= Complete (complexity) =

Notion of the "hardest" or "most general" problem in a complexity class

In computational complexity theory, a computational problem is complete for a complexity class if it is, in a technical sense, among the "hardest" (or "most expressive") problems in the complexity class.

More formally, a problem p is called hard for a complexity class C under a given type of reduction if there exists a reduction (of the given type) from any problem in C to p. If a problem is both hard for the class and a member of the class, it is complete for that class (for that type of reduction).

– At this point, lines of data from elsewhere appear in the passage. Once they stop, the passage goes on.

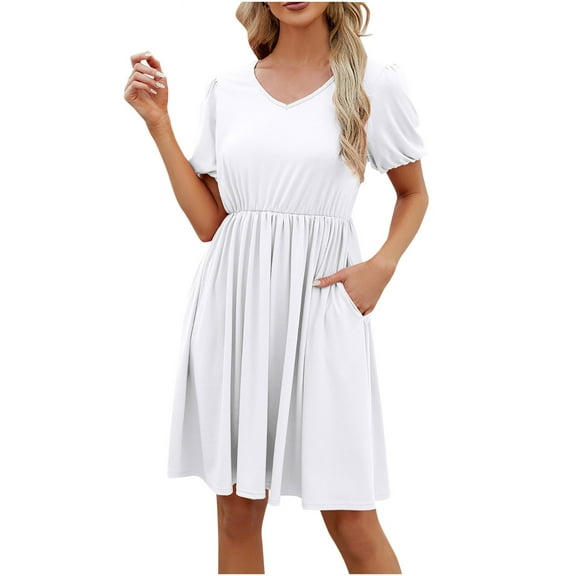 Inleife Womens Summer Dresses Women's Short Sleeved Solid Color Loose Fitting T-Shirt Round Neck Pajama Dress
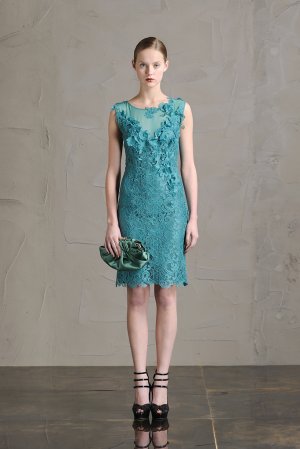 NWT PHILOSOPHY DI ALBERTA FERRETTI SLEEVELESS GREEN LACE COCKTAIL DRESS sz48/12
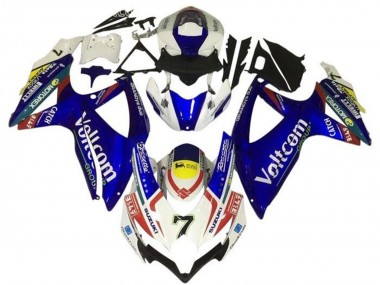 2008-2010 Suzuki GSXR 600 / GSXR 750 Motorcycle Fairings - White Blue Yellow Red Voltcom 7 UK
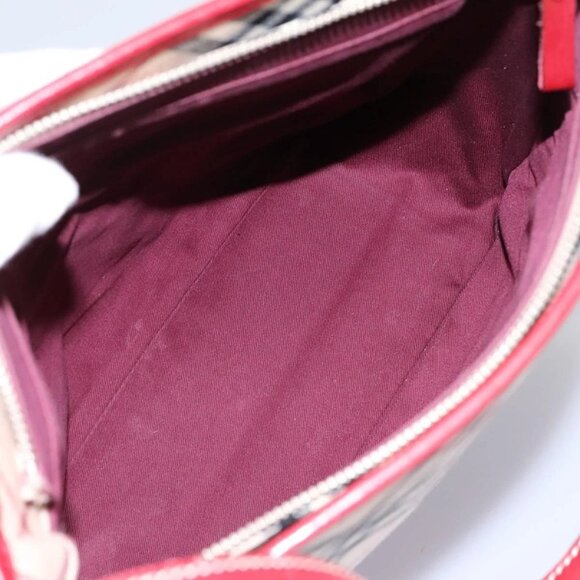 BURBERRY Nova Check Blue Label Shoulder Bag Canvas Beige Auth BD954 - Picture 12 of 16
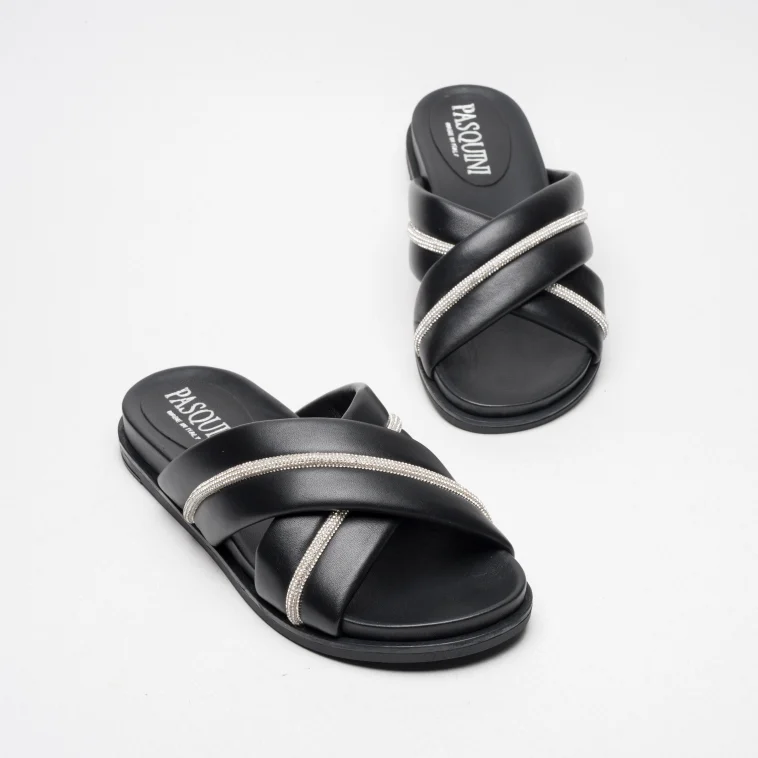 Pasquini Flexa ciabatta nera in pelle con strass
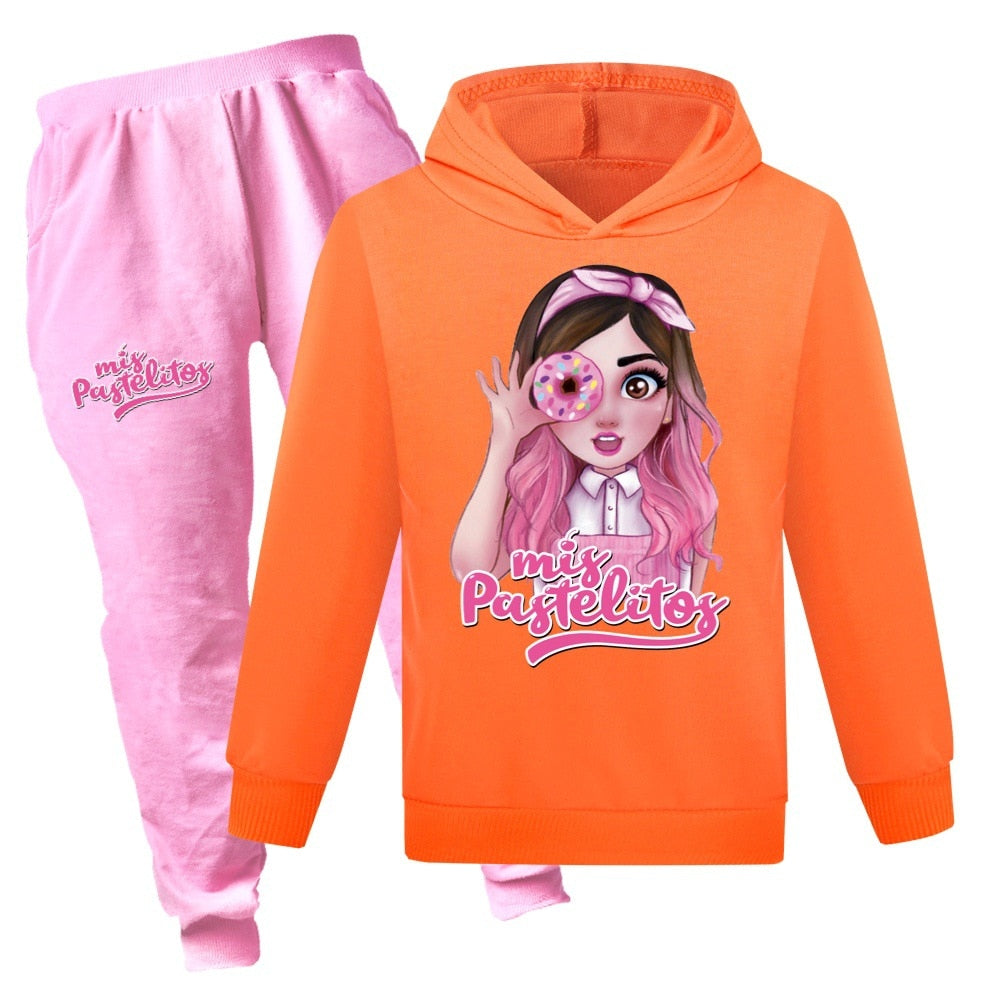 Mis Pastelitos Sweatshirt+Pants 2PC Sets For Girls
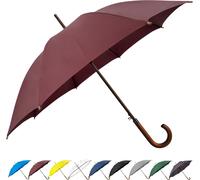 Classic Wooden Handle Umbrella with Automatic Open Windproof and Unbreakable Stick 48"",Wine,One Size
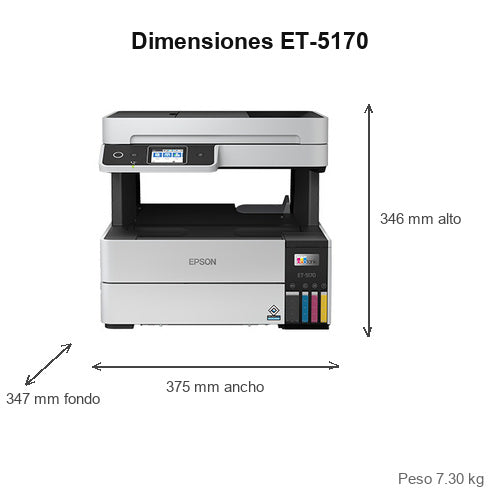Dimensiones de la impresora de etiquetas Epson ET-5170 C11CJ88402: 375 mm de ancho, 347 mm de fondo, 346 mm de alto, peso 7.30 kg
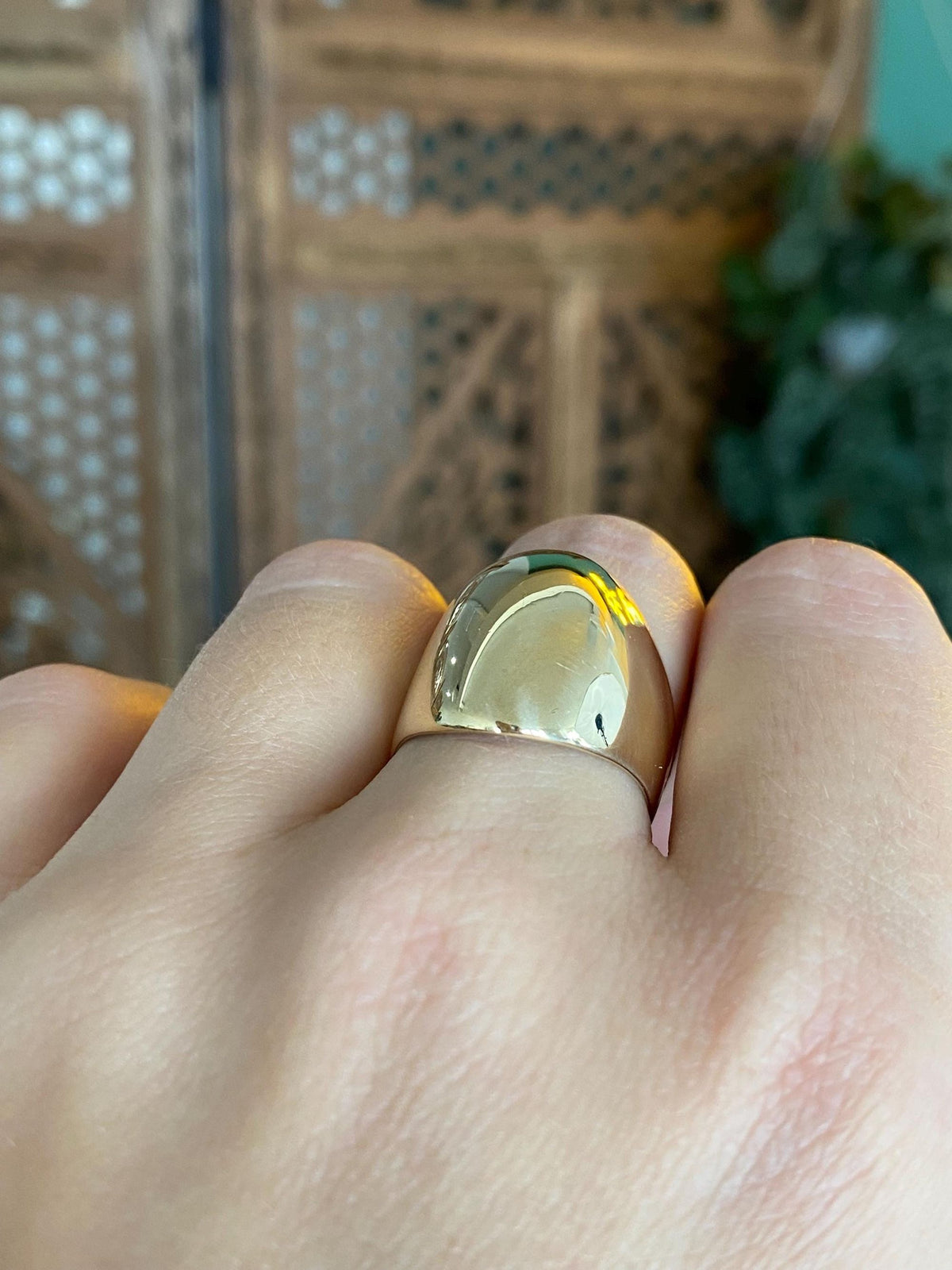 Vintage Solid 14k Yellow Gold Domed Ring - Size 6.75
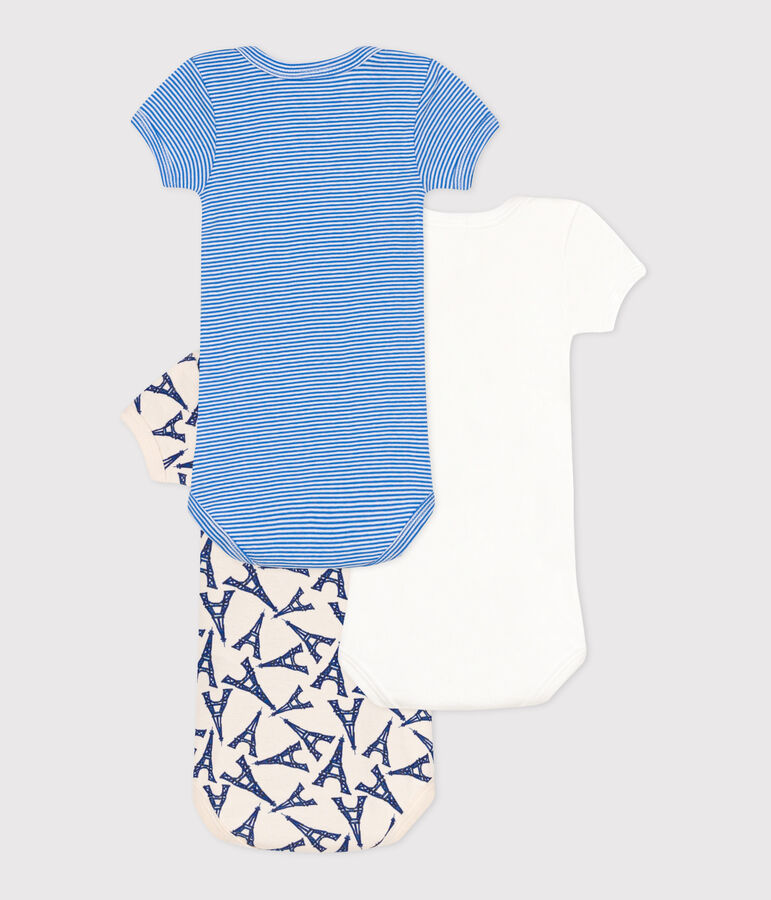 3er-Set kurz&auml;rmelige Bodys aus Baumwolle mit Paris-Motiv f&uuml;r Babys vielfarbig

A problem that is complete for a class C is said to be C-complete, and the class of all problems complete for C is denoted C-complete. The first complete class to be defined and the most well known is NP-complete, a class that contains many difficult-to-solve problems that arise in practice. Similarly, a problem hard for a class C is called C-hard, e.g. NP-hard.

Normally, it is assumed that the reduction in question does not have higher computational complexity than the class itself. Therefore, it may be said that if a C-complete problem has a "computationally easy" solution, then all problems in "C" have an "easy" solution.

Generally, complexity classes that have a computable enumeration have known complete problems, whereas classes that lack a computable enumeration have none. For example, NP, co-NP, PLS, PPA all have known natural complete problems.

There are classes without complete problems. For example, Sipser showed that there is a language M such that BPP^{M} (BPP with oracle M) has no complete problems.